Go 4 it! and please drive carefully. Al
I was thinking of your response last night and reflected on it a lot. I woke up this morning with what I thought was the answer. As I was driving to work, I thought to myself that I have been in a very bad relationship 20 years ago, in which there was lots of abuse (physical, verbal, financial, emotional, and more) from my boyfriend at the time toward me. Whenever I see my present partner doing or saying or reacting to me in ways that consciously or unconsciously reminds me of him, panics sets in, and I want to flee, fight, submit or freeze and most of the time the 4 of them one after the other in different order. My Lizard works full strength in those occasions and won’t calm down, of course! So is my partner’s Lizard as it keeps seeing his past relationship which for him was filled with abuse for 20 years. We both know that we must stop looking at each other and compare us to our ex-partners. Then I thought that maybe I am not looking far enough in time. Sure I was in a very bad relationship, and so was he, but even knowing that does not change a thing. We end up fighting passionately until one of us gives up. Then we talk and think we know where it comes from.
At that very moment, a big truck almost hit me (it is quite a ride to work sometimes) and I almost got into an accident because of this careless driver. My quick driving skills reflex avoided to be killed by that truck. Then, I became furious at the driver, and I could feel my heart pounding very hard and I could have gotten out of the car and yelled at the driver, and perhaps punch and kick his truck. He seemed to not even have noticed anything at all, which doubled my anger. Then I thought: “Why do I get so angry? Sure I could have been killed but I am safe now. Relaxe, relaxe, relaxe! Was it my Lizard that saw the real danger and helped me out? I sure can learn to trust it knows.” Then I thought that perhaps everything do not come from my youth, since I was not driving until my early 20s. So my thinking reverted back to my ex-boyfriend of 20 years ago, it had to come from there. I was confused.
Then it hit me just like the truck almost hit me. I remembered my mom in the car when I was a little kid. Good thing my dad was the driver in the family, always calm even in dangerous situation. But my mom, she always became angry at the other drivers, cursing them and wanting to get out of the car to fight with them. A very protective mama bear I always thought. Here I am, I had learned over and over to react with anger in those situations. It hurts me, my chest feels tight, I stop breathing, get all tense, and I have taught my son for years how to drive with anger.
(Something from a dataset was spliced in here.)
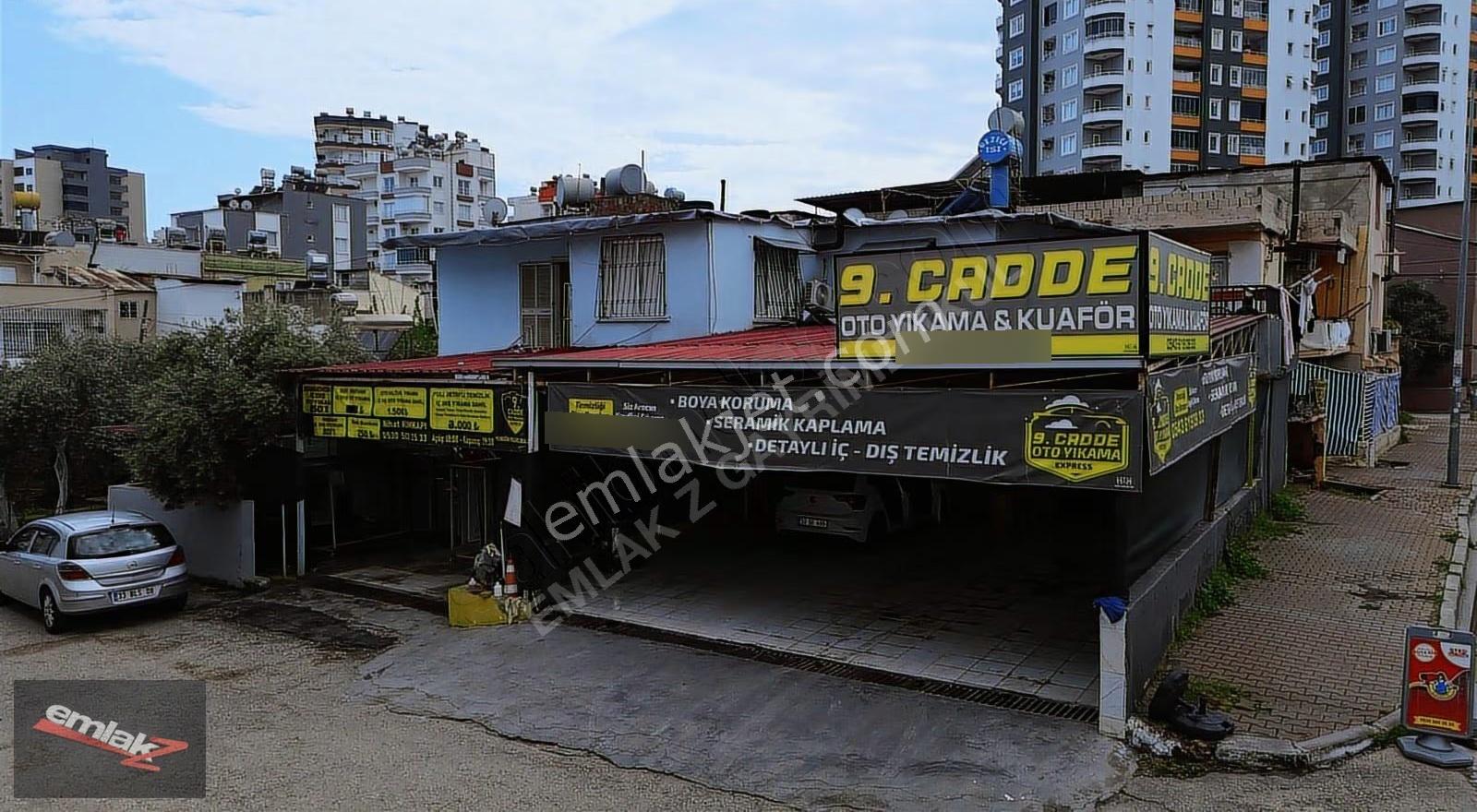 Bahçelievler'de Devren Kiralık Oto Yıkama & Halı Yıkama Dükkanı - Görsel 5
I am grateful to that driver this morning for getting in my way, he woke me up. I am looking deeper into my childhood, at how I learned to partner with such unhealthy ways. My parents fought all my childhood, and sometimes left one another overnight. There were also lots of lies and other kind of hurt all my childhood and teenage years. It was so painful to us kids, that I promised myself I would never have my children go through such ordeal. My parents stumbled a lot and for a very long time, but they did stay married for 44 years until my dad passed away. I have excellent driving skills, and I can train myself to have excellent relationship skills. I now see it as you say it, a finite and not endless learning. It is quite encouraging to look at it this way.